Boston man killed by police was being watched by terrorism task force

Law enforcement officials with the Boston police and the FBI shot and killed a man Tuesday morning after they tried to interview him as part of a terrorism investigation and he brandished a large knife, police and federal officials said.

Usaama Rahim, 26, had been under 24-hour surveillance by a Joint Terrorism Task Force and was "a known suspect wanted for some terrorist-related information we had received," Boston Police Commissioner William B. Evans said at a televised news conference.

“He was someone we were watching for quite a time," Evans said. "The level of alarm brought us to question him today."

Officials declined to go into further detail about why they were watching Rahim.

The shooting happened near a drugstore parking lot in Boston's Roslindale neighborhood about 7 a.m. A local imam who says he is Rahim's brother said Rahim had been waiting for the bus to go to work.

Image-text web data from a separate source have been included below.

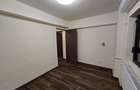 Apartament cu 2 camere decomandat în Universitate - 14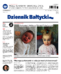 Dziennik Bałtycki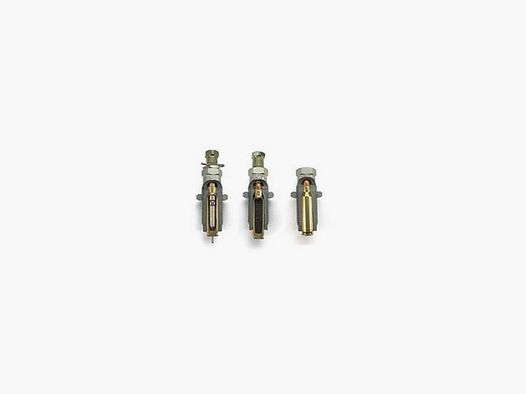 DILLON PRECISION .223 CARBIDE RIFLE DIE SET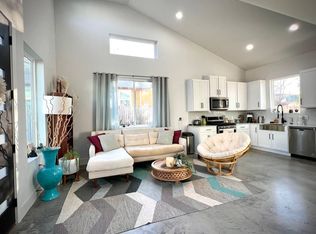 6908 Carver Ave #2, Austin, TX 78752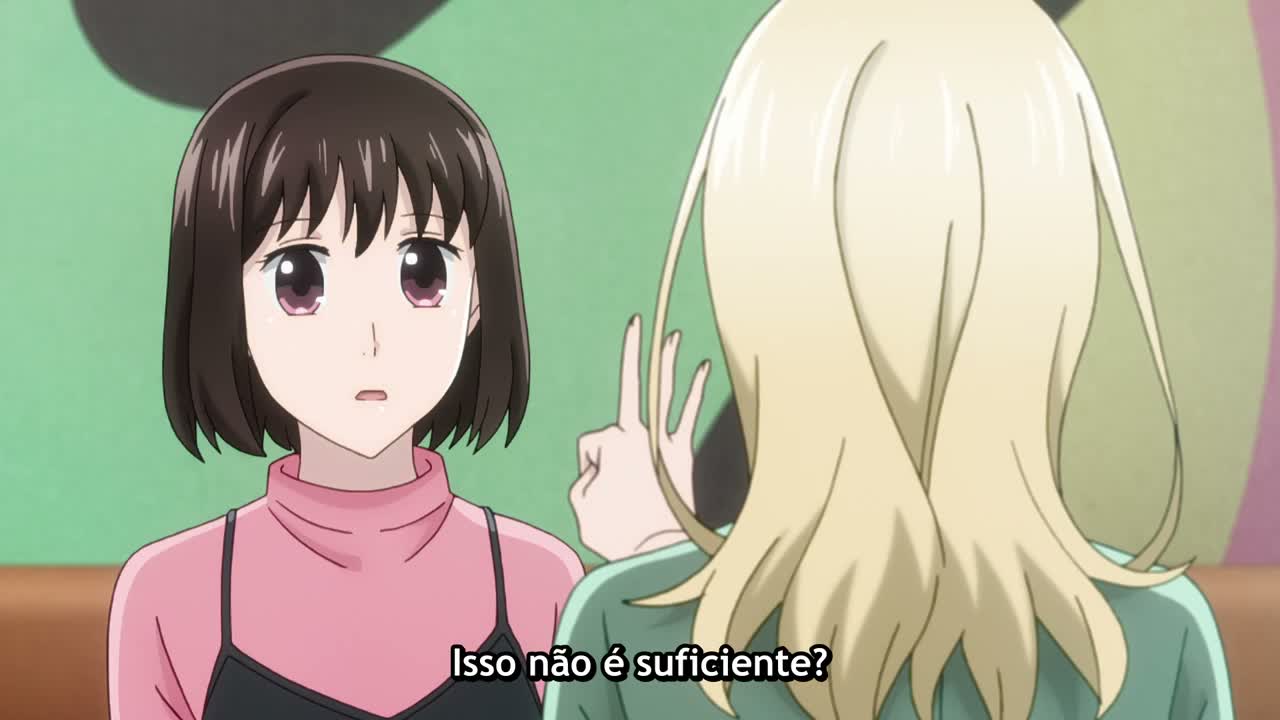 Episódio 012
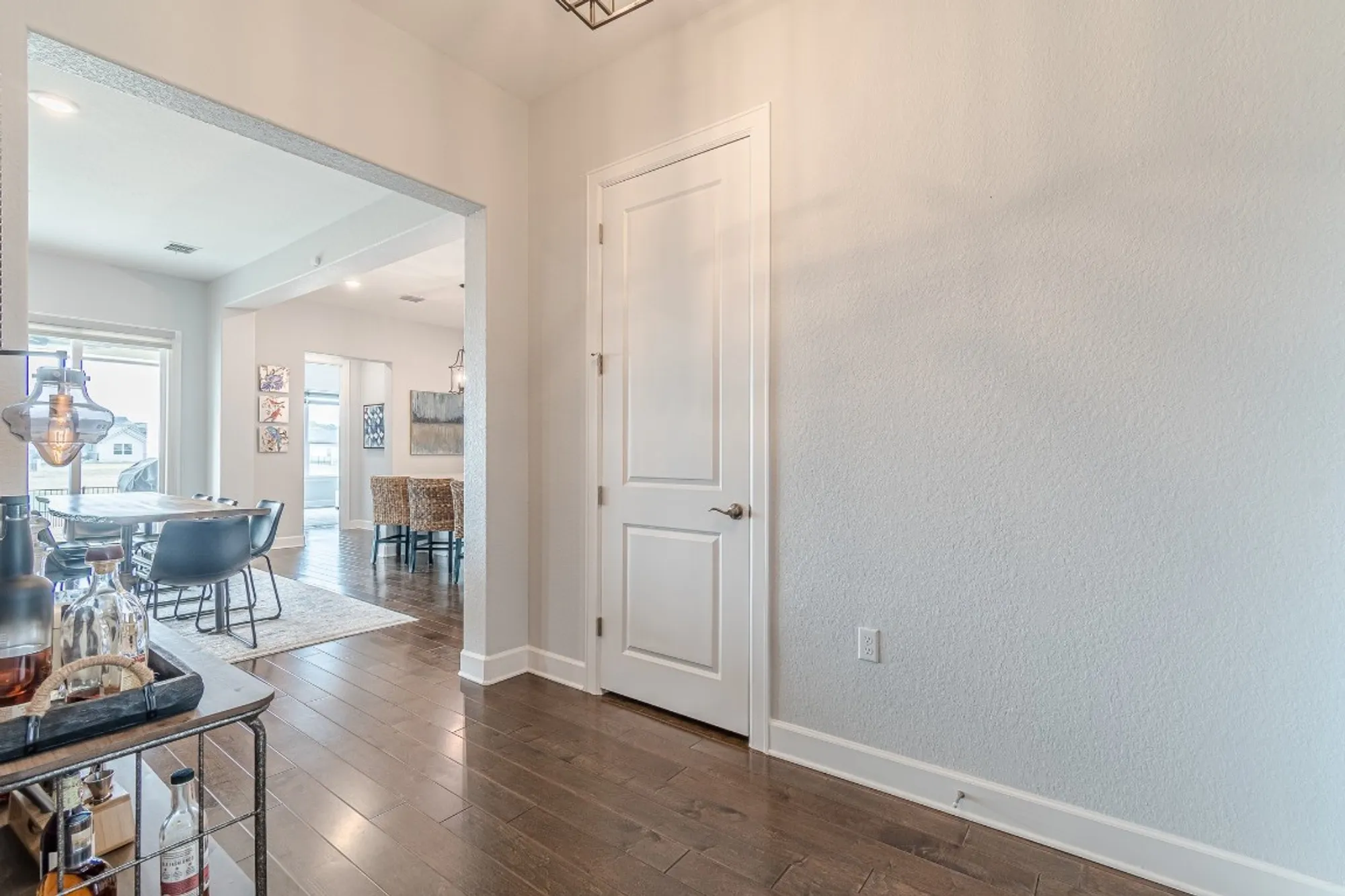 Property Slideshow image 8 of 38 | 117 playing cypress, San Marcos, TX, 78666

Officials said the shooting was captured on video, which has not been released. The Suffolk County district attorney's office will investigate the shooting to determine whether it was justified, the Boston Globe reported.

Vincent B. Lisi, the special agent in charge of the FBI's Boston office, declined to tell reporters why officials wanted to speak to Rahim except “to approach him and interview him and talk to him about his intentions."

The unidentified officials who shot Rahim did not have a warrant and did not plan to arrest him, but “we considered him armed and dangerous," Lisi said at the news conference.

When the officials with Boston police and the FBI approached Rahim without their guns drawn, Rahim pulled out a large knife "unprovoked" and ignored commands to drop it, Evans said.

Rahim "came at the officers," who retreated and opened fire when Rahim got close enough that "their lives were in danger," Evans said.

Rahim was shot once in the torso and once in the abdomen and was pronounced dead at a local hospital, Evans said.

“Our investigation is still ongoing," Lisi said. "There’s a lot more for us to do.”

The large black knife, which Evans described as "military-type," was displayed for the media at the news conference.

In a post on Facebook, Ibrahim Rahim, whom the Boston Globe calls a popular moderate leader in the local Islamic community, wrote that his brother had been on the phone with his father when "he was confronted by three Boston Police officers and subsequently shot in the back three times."

"His last words to my father who heard the shots were: 'I can't breathe!'" Ibrahim Rahim wrote.

He added in a later post: "We are deeply grieved by the loss of my younger brother. While we understand the need for information. We ask that the press give us time to grieve. We will have a statement once we have met as a family."